The JPC has recommended that the temporary amendment to the continuous disclosure regime be made permanent and that fault be required for proof of breach (recommendation 29), which would align Australia with comparable jurisdictions, such as the United States and the United Kingdom, and potentially stem the flow of opportunistic shareholder class actions.

Three Key Takeaways

  1. Overall, the recommendations of the JPC will be welcomed by the business community and directors/officers. The proposed recommendations, if implemented, provide more comprehensive regulation of litigation funding, including removing the opportunity for windfall profits that have made Australia such a magnet jurisdiction for funders. This greater alignment between risk and return is likely to make Australian class actions less attractive investments. The JPC has also put forward reforms aimed at tempering the adoption of contingency fees which could have become a new engine for class action growth.
  2. The recommendation to modify permanently the Australian continuous disclosure laws to require that a claimant must prove that an ASX-listed company had knowledge of, or was reckless or negligent with respect to, a continuous disclosure breach will, if implemented, materially increase both the difficulty for claimants to bring shareholder class actions and also help to deter speculative filings. However, in the absence of an amendment to the misleading or deceptive conduct provisions, which do not require that a claimant establish fault, it is unclear whether this permanent change would on its own have the desired effect of lessening the burden of shareholder class actions on defendants.

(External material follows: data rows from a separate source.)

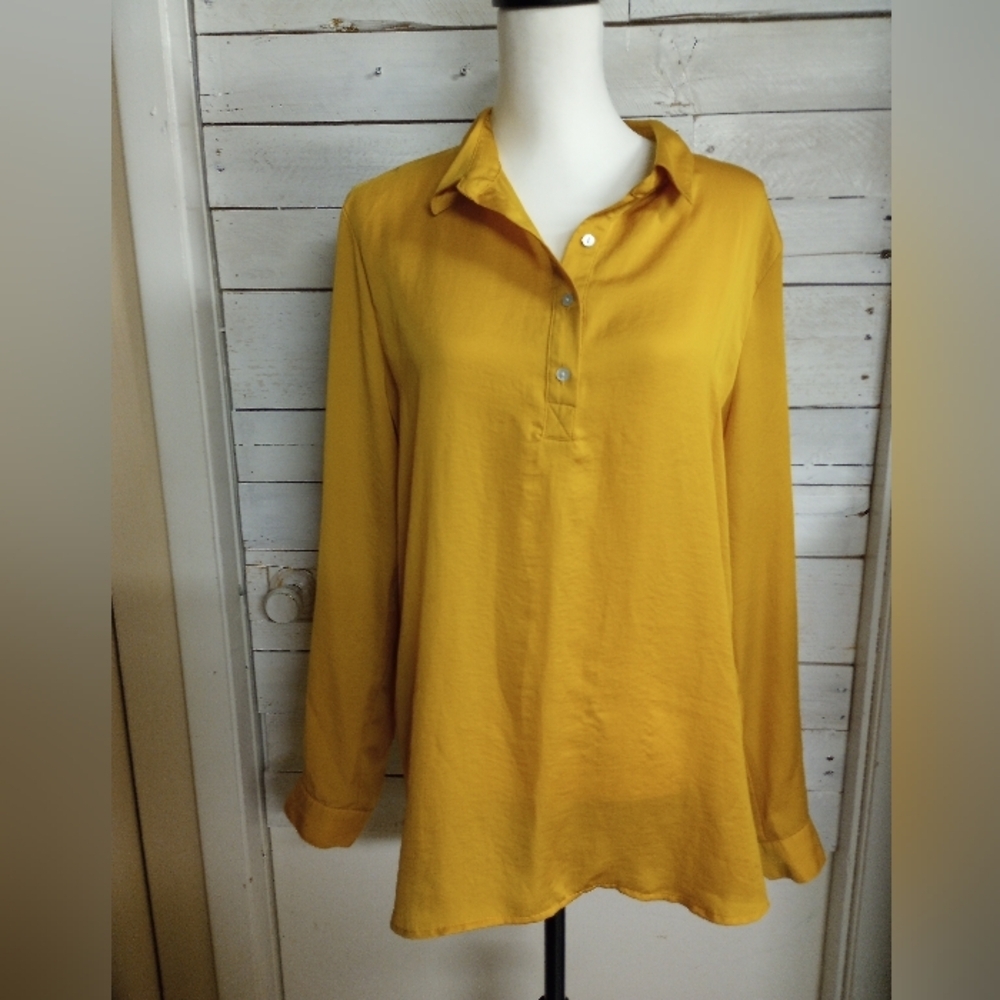 Anthropologie Dolan Womens Size Large Steinbeck Top Button Front Mustard Gold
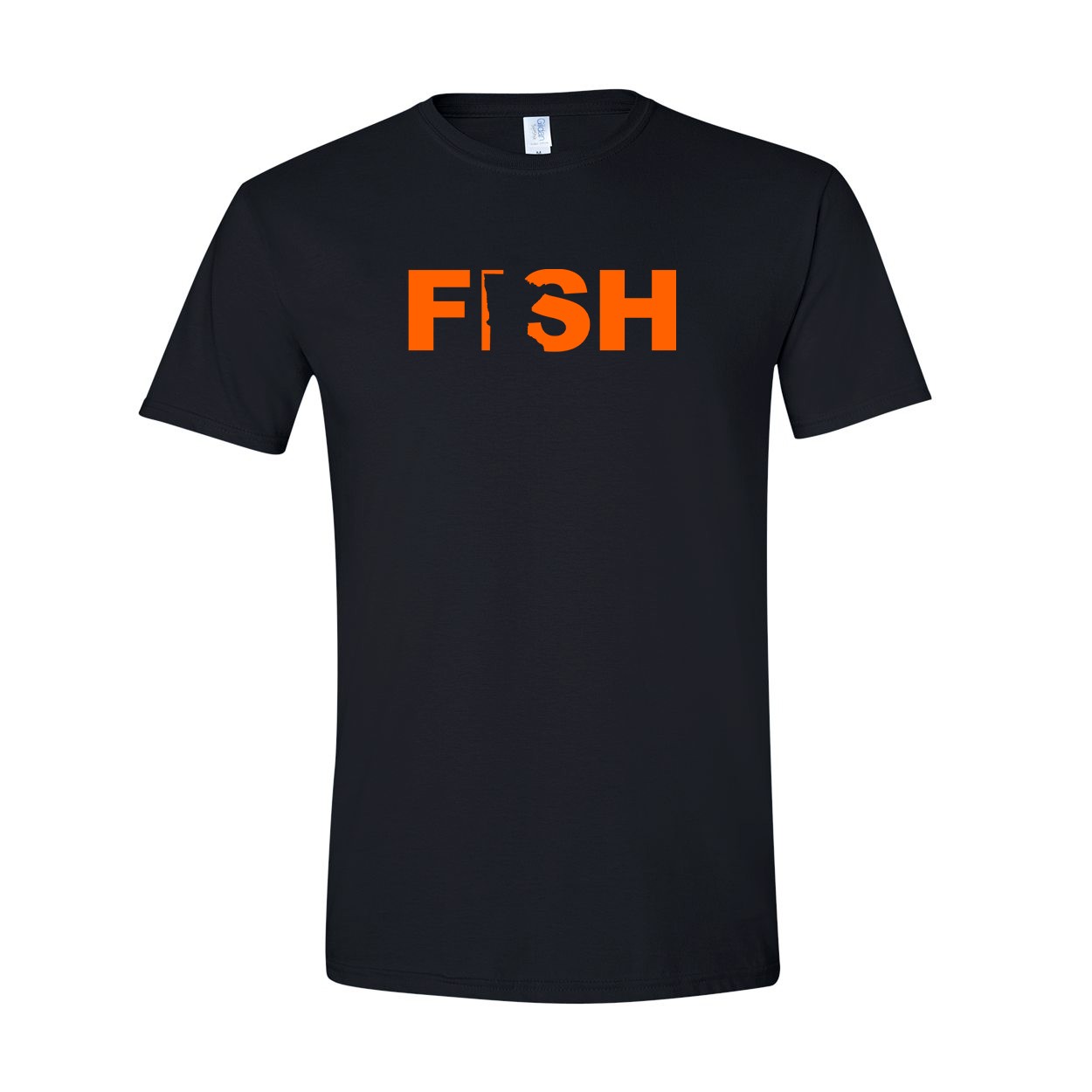 Fish Minnesota Classic T-Shirt Black (Orange Logo)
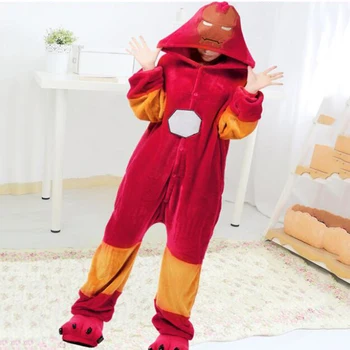Iron Man Anime Pižama Onesie Kugurumi Kostiumas Moterims Žmogus Žiemą Flanelė Super Herojus Suaugusiųjų Nightie Sleepwear Bendrą Mergina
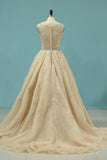 2024 V Neck Wedding Dresses A Line Organza With Applique PGJ2CG1N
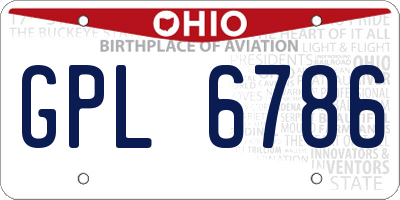 OH license plate GPL6786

  3. Although the JPC called for national consistency between class action regimes, this is likely to prove contentious in some states. Class actions have now become a partisan issue, with the Federal Opposition writing a dissenting report rejecting many of the recommendations made by the JPC. In light of this, achieving national harmonisation may prove difficult, which may give rise to 'forum shopping' with claimants issuing class actions in more plaintiff-friendly jurisdictions.